實戰 Prometheus 搭建監控系統

前言：Prometheus已經成為了事實上的監控標準，本篇文章是根據參考書籍《Prometheus監控技術與實踐》、《深入淺出Prometheus》兩本書籍的介紹搭建普羅米修斯系統。

：Prometheus已經成為了事實上的監控標準。是一款基於時序資料庫的開源監控告警系統，說起 Prometheus 則不得不提 SoundCloud，這是一個線上音樂分享的平臺，類似於做視訊分享的 YouTube，由於他們在微服務架構的道路上越走越遠，出現了成百上千的服務，使用傳統的監控系統 StatsD 和 Graphite 存在大量的侷限性，於是他們在 2012 年開始著手開發一套全新的監控系統。Prometheus 的原作者是 Matt T. Proud，他也是在 2012 年加入 SoundCloud 的，實際上，在加入 SoundCloud 之前，Matt 一直就職於 Google，他從 Google 的叢集管理器 Borg 和它的監控系統 Borgmon 中獲取靈感，開發了開源的監控系統 Prometheus，和 Google 的很多專案一樣，使用的程式語言是 Go。

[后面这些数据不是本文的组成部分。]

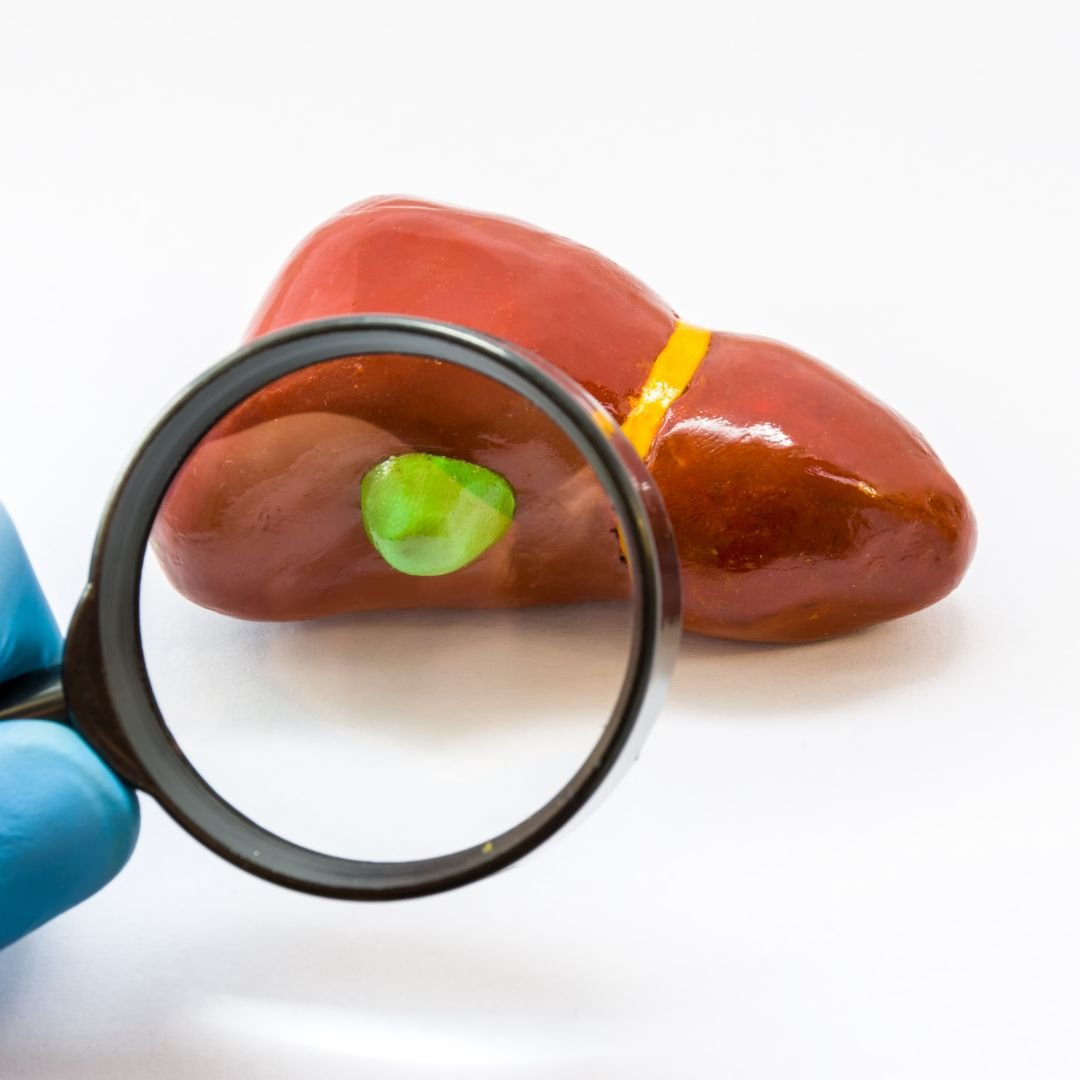 Cancer in Gallbladder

很顯然，Prometheus 作為一個微服務架構監控系統的解決方案，它和容器也脫不開關係。早在 2006 年 8 月 9 日，Eric Schmidt 在搜尋引擎大會上首次提出了雲端計算（Cloud Computing）的概念，在之後的十幾年裡，雲端計算的發展勢如破竹。在 2013 年，Pivotal 的 Matt Stine 又提出了雲原生（Cloud Native）的概念，雲原生由微服務架構、DevOps 和以容器為代表的敏捷基礎架構組成，幫助企業快速、持續、可靠、規模化地交付軟體。為了統一雲端計算介面和相關標準，2015 年 7 月，隸屬於 Linux 基金會的雲原生計算基金會（CNCF，Cloud Native Computing Foundation）應運而生。第一個加入 CNCF 的專案是 Google 的 Kubernetes，而 Prometheus 是第二個加入的（2016 年）。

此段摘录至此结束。